Jesteśmy gotowi do wszystkiego. Wojna trwa już od pół roku i Rosja ciągle lekceważy wartości ludzkie, łamie zasady prowadzenia wojen. Celowo ostrzeliwuje nasze miasta, uderza w obiekty cywilne. Terrorystyczny sposób prowadzenia wojny jest ich taktyką i strategią. Chcą, by ludność cywilna cierpiała. To dlatego codziennie dziesiątki razy na terenie całego kraju wyją syreny. W najbliższych dniach ostrzałów może być więcej, ale nasi obywatele, ratownicy i odpowiednie służby są do tego przygotowani. Rosja dzisiaj znalazła się w ślepym zaułku, wykorzystała swój potencjał do dalszej ofensywy, wykorzystała wszystkie rodzaje broni poza bronią masowego rażenia. Niszczyła nasze miasta i dokonywała masowych mordów. Rosjanie próbują zrobić wszystko, by wywołać w Ukrainie masową panikę i sprowokować presję społeczeństwa ukraińskiego na rząd, by zmusić nas do niewygodnych negocjacji. Dlatego dopuszczają się zamachów terrorystycznych, uderzają w centra handlowe, znęcają się nad jeńcami, m.in. w Ołeniwce (zamordowano tam około 50 ukraińskich jeńców – red.). A dzisiaj grożą uderzeniami rakietowymi w centra dowodzenia i budynki rządowe. Wszystko na nic. To tylko wzmacnia nienawiść do Rosji i motywuje Ukraińców do obrony. Wyzwolimy naszą ziemię. Całe nasze terytorium. I musi do tego dojść jak najszybciej. Razem z sojusznikami, wśród których czołowe miejsce zajmuje Polska.

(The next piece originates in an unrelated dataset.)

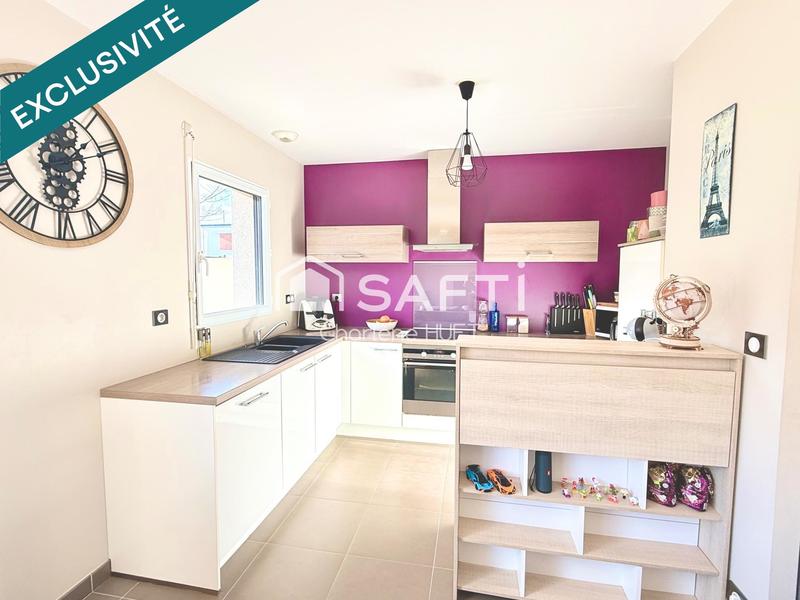 Maison - 92 m² - 4 pièces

Łącznie z Krymem? Prezydent Zełenski obiecał na II Forum Krymskim rodakom na okupowanym półwyspie, że Ukraina tam niedługo powróci. To realistyczna obietnica?

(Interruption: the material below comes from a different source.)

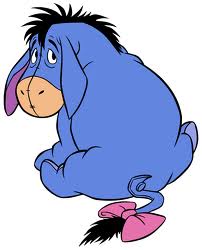 Eeyore from Winnie The Pooh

Na początku prezydent powołał Platformę Krymską, by przywrócić temat okupowanego Krymu do międzynarodowej agendy, by nie dopuścić do ignorowania tego tematu. Ale też przypomnieć światu o problemach, z którymi borykają się proukraińscy mieszkańcy półwyspu oraz przedstawiciele autochtonów. Chodzi o masowe represje, areszty i porwania. Wówczas dopuszczaliśmy powrót Krymu wyłącznie drogą polityczno-dyplomatyczną. Ukraina nie prowokowała konfliktu i unikała retoryki militarnej. Ale Rosja to kraj o niewielkich zdolnościach intelektualnych, atakuje inne państwa i wyrządza szkody. Zmieniliśmy nasze podejście do tego tematu po tym terrorze, ludobójstwie i niszczeniu naszych miast. Dzisiaj już Ukraina zamierza powrócić na wszystkie okupowane terytoria, łącznie z Krymem. I chce doprowadzić do tego, wykorzystując wszystkie metody, łącznie z wojskowymi. To fundamentalna zmiana naszej strategii w stosunku do okupowanego Krymu.
Czy to prawda, że płynąca z Zachodu pomoc wojskowa maleje?
Prawie wszystkie państwa Europy w sposób istotny przekazują nam sprzęt wojskowy, by zapewnić parytet sił na różnych kierunkach działań bojowych. Pamiętajmy, że linia frontu, przy której trwają intensywne walki, ciągnie się ponad 1300 kilometrów. Zależy nam na zwiększeniu dostaw pewnego rodzaju broni, a przede wszystkim MLRS, ale też skróceniu terminów dostaw. Mimo to rozumiemy, że nasi partnerzy mają kłopoty logistyczne, produkcyjne i biurokratyczne. Rosja też mocno się uaktywniła i zaangażowała swoich lobbystów w Europie, by zakłócić dostawy broni i zmniejszyć nam pomoc finansową. Dzisiaj to kluczowy cel Rosji.
Chcą wydłużyć terminy dostaw, zaburzyć dotychczasowe porozumienia, zmniejszyć tempo dostaw. Rosja wykorzystuje strach części elit politycznych, spekuluje gospodarczymi i energetycznymi problemami, domaga się zmiany oceny tej wojny. Liczą na to, że sabotaż dostaw zachodniej broni uniemożliwi ukraińską kontrofensywę teraz, a zima znacznie uderzy w mieszkańców państw europejskich. W konsekwencji, jak rachuje Moskwa, część europejskich elit politycznych zacznie bardziej radykalnie nalegać na „negocjacje za każdą cenę” i zamrożeniu terytorialnych pretensji Rosji.